Ala Moana Beach Park in Oahu has low wind and flat water for those new to the sport or looking to work on their technique. Anini Beach (Kauai), Anaehoomalu Bay (Hawaii Island), and Kapalua Bay (Maui), all have still waters for beginners.
SUP-ing in Hawaii: Sport + Sightseeing
To stand-up paddleboard (SUP) in Hawaii is to gently move across clear blue water, in a picturesque location, all the while noticing colorful fish, curious sea turtles and maybe even humpback whales. In other words, it’s a fun sport and great perspective all at the same time.

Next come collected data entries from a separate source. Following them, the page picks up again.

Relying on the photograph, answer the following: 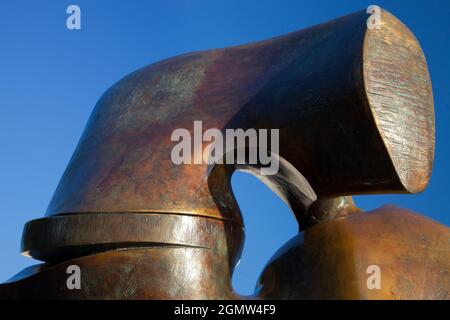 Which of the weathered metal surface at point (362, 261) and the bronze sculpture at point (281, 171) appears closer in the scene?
the bronze sculpture at point (281, 171)

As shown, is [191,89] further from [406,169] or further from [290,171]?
[406,169]

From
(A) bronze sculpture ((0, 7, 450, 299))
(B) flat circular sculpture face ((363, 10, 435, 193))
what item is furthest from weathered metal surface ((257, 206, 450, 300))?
(B) flat circular sculpture face ((363, 10, 435, 193))

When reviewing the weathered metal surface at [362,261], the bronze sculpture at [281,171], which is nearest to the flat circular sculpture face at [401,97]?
the bronze sculpture at [281,171]

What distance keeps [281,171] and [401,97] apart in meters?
0.42

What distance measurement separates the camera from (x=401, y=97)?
162 cm

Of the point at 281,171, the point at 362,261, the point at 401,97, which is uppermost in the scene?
the point at 401,97

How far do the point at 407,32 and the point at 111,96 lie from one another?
0.85m

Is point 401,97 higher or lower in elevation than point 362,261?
higher

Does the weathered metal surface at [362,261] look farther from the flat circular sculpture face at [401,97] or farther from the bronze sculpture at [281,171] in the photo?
the flat circular sculpture face at [401,97]

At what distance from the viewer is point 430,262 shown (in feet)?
5.74

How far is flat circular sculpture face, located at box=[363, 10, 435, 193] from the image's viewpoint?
1562mm

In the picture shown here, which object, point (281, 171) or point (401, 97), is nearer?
point (401, 97)

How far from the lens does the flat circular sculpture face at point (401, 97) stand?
156 centimetres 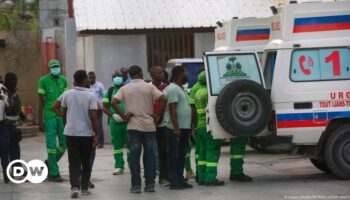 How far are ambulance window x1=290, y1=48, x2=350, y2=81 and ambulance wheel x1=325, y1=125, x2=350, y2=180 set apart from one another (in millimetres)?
842

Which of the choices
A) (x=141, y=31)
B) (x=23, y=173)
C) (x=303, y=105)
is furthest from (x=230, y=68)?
(x=141, y=31)

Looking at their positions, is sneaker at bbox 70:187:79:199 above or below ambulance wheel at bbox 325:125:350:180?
below

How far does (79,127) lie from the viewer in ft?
34.9

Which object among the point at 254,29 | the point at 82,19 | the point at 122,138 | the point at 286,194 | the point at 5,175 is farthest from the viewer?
the point at 82,19

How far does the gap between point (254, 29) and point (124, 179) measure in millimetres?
4155

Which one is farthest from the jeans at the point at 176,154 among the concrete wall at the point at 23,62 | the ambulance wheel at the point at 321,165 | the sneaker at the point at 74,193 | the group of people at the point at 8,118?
the concrete wall at the point at 23,62

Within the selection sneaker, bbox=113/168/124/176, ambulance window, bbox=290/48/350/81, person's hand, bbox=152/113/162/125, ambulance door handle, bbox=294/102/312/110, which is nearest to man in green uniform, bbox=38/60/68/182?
sneaker, bbox=113/168/124/176

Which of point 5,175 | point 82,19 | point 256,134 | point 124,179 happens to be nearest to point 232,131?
point 256,134

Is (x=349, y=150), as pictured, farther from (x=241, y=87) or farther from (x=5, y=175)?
(x=5, y=175)

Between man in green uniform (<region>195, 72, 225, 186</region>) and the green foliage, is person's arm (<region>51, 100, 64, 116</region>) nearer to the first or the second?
man in green uniform (<region>195, 72, 225, 186</region>)

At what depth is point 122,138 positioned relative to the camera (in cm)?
1315

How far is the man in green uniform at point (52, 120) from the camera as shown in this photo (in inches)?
484

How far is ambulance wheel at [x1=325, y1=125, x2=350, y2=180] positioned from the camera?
452 inches

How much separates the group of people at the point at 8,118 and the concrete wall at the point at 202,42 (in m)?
8.54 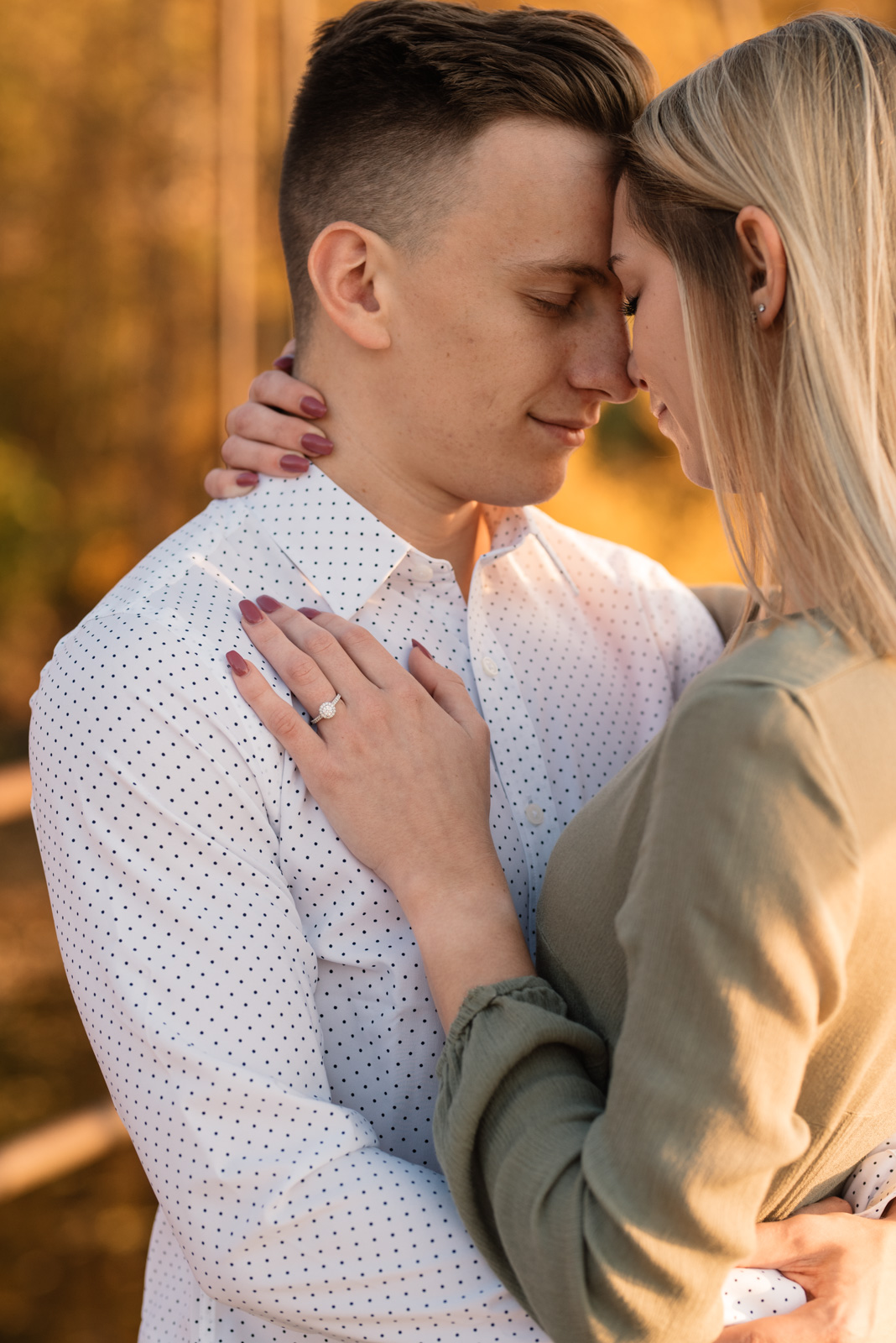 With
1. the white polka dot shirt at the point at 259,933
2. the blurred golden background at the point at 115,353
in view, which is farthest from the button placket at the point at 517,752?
the blurred golden background at the point at 115,353

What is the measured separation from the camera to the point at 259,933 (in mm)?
1083

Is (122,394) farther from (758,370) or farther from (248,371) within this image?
(758,370)

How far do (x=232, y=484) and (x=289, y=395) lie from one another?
0.16 meters

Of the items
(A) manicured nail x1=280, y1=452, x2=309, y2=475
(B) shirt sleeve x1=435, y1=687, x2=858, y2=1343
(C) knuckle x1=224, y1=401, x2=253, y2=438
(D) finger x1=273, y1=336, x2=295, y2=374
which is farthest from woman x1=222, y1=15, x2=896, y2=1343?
(D) finger x1=273, y1=336, x2=295, y2=374

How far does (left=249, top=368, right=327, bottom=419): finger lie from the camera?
4.89 ft

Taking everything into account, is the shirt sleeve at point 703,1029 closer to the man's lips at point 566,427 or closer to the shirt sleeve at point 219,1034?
the shirt sleeve at point 219,1034

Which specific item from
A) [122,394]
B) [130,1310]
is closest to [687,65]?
[122,394]

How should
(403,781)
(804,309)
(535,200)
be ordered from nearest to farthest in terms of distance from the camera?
(804,309) < (403,781) < (535,200)

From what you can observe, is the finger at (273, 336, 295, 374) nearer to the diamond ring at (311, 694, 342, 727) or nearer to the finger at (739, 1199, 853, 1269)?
the diamond ring at (311, 694, 342, 727)

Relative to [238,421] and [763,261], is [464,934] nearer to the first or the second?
[763,261]

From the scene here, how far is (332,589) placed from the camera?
1354mm

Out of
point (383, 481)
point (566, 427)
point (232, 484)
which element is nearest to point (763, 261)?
point (566, 427)

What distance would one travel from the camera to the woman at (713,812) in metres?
0.80

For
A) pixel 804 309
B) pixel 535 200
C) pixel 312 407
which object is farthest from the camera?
pixel 312 407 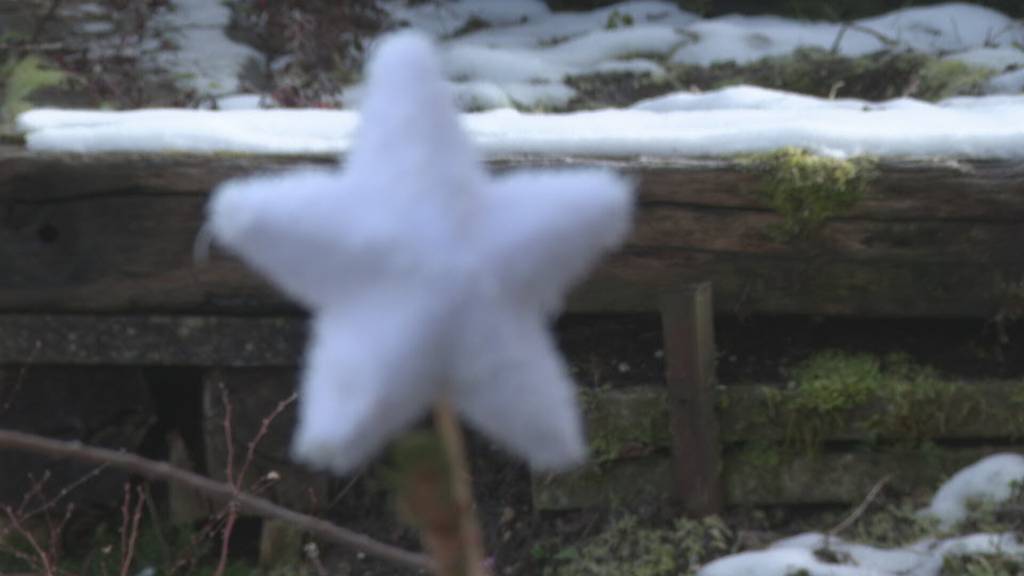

For those who are not familiar with SUP, it’s a modern day Hawaii-born sport that is taking waterways all over the world by storm. While you can surf waves on a SUP, most prefer to leisurely paddle on calm waters. It is fairly easy to learn and a great core workout.
Spot whales while you SUP in Kihei, Maui. Kihei has many locations like the Cove, where you can spend a serene day drifting along the water. Other great intermediate places to SUP include, Hanalei Bay (Kauai), Keauhou Bay (Hawaii Island), and Lanikai Beach (Oahu).
SUP with wind at the only underwater state park on Hawaii Island, Kealakekua Bay in Kona. The water here is so clear, you can see dolphins, fishes and manta rays. You can SUP like a pro at these spots as well: Wailua (Kauai), Napili Bay (Maui), and Sunset Beach (Oahu).
Molokini in Maui is up to 150 feet deep and not for amateurs. The one-of-a-kind partially sunken volcanic crater is home to more than 250 species of unique fish, many of which exist nowhere else on earth.
Respect the ocean. Try not to touch the coral while in the water. They are delicate and essential to Hawaii’s reef ecosystem. A broken coral takes years to grow.
Paddle in Kona and see an abundance of marine life, like spinner dolphins and sea turtles, in Kahaluu Bay.
SUP-ers in Maui can paddle close to sea turtles in a mountain wrapped scenery. Kihei is the most popular SUP destination on the island.
Go with the flow of Hanalei River on Kauai. Idly paddle along this tree lined forest on a sunny afternoon.
Oahu, the birthplace of modern SUP-ing, has stretches of white-sand beaches, like Ala Moana Beach park, that are protected from major swells and perfect for paddle boarding.